From the line with "Logħba Mini Tennis onlajn" to the end of the data below, restate each line word for word, both ends included, without the pictures.
_ _ _ _ _ _ _
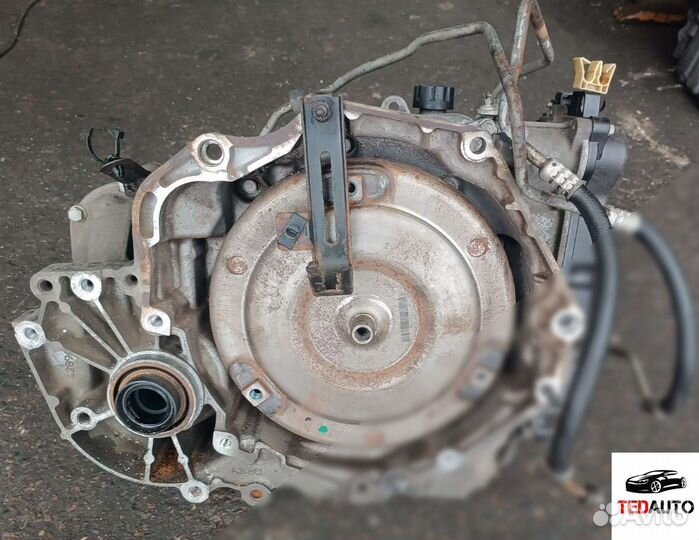 Коробка передач автоматическая (АКПП), Opel Astra J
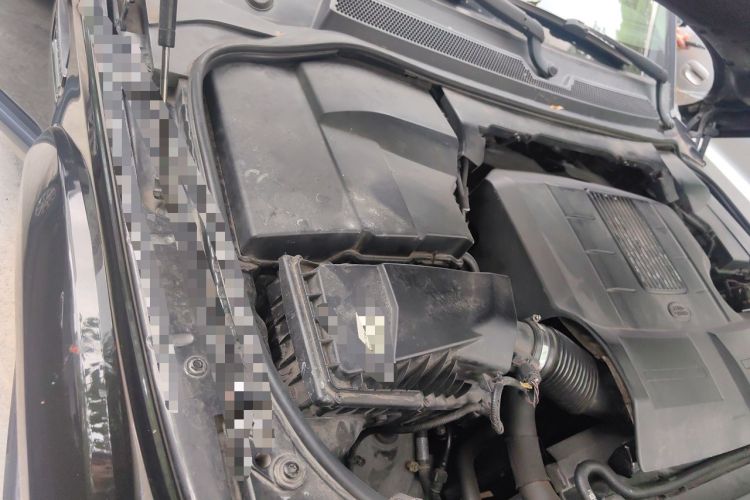Used Land Rover Discovery 2016 3.0 SC Zhenfeng Limited Edition Engine Bay Right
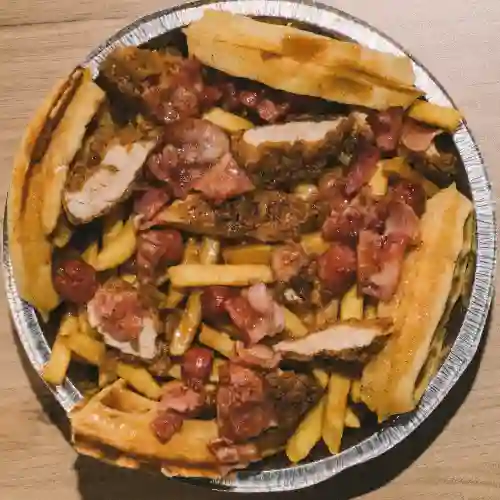 Papas Americanas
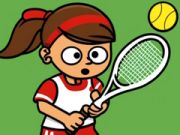 Logħba Mini Tennis onlajn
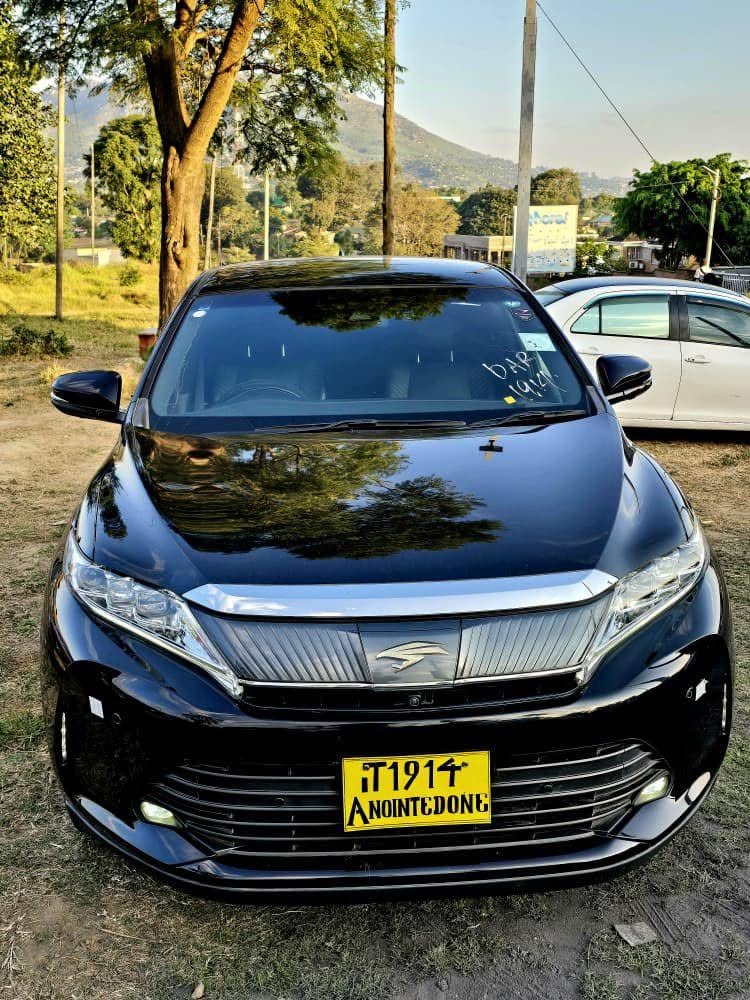 unregistered vehicles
_ _ _ _ _ _ _
# [OUTPUT FOR THIS TASK]
 Logħba Mini Tennis onlajn
 unregistered vehicles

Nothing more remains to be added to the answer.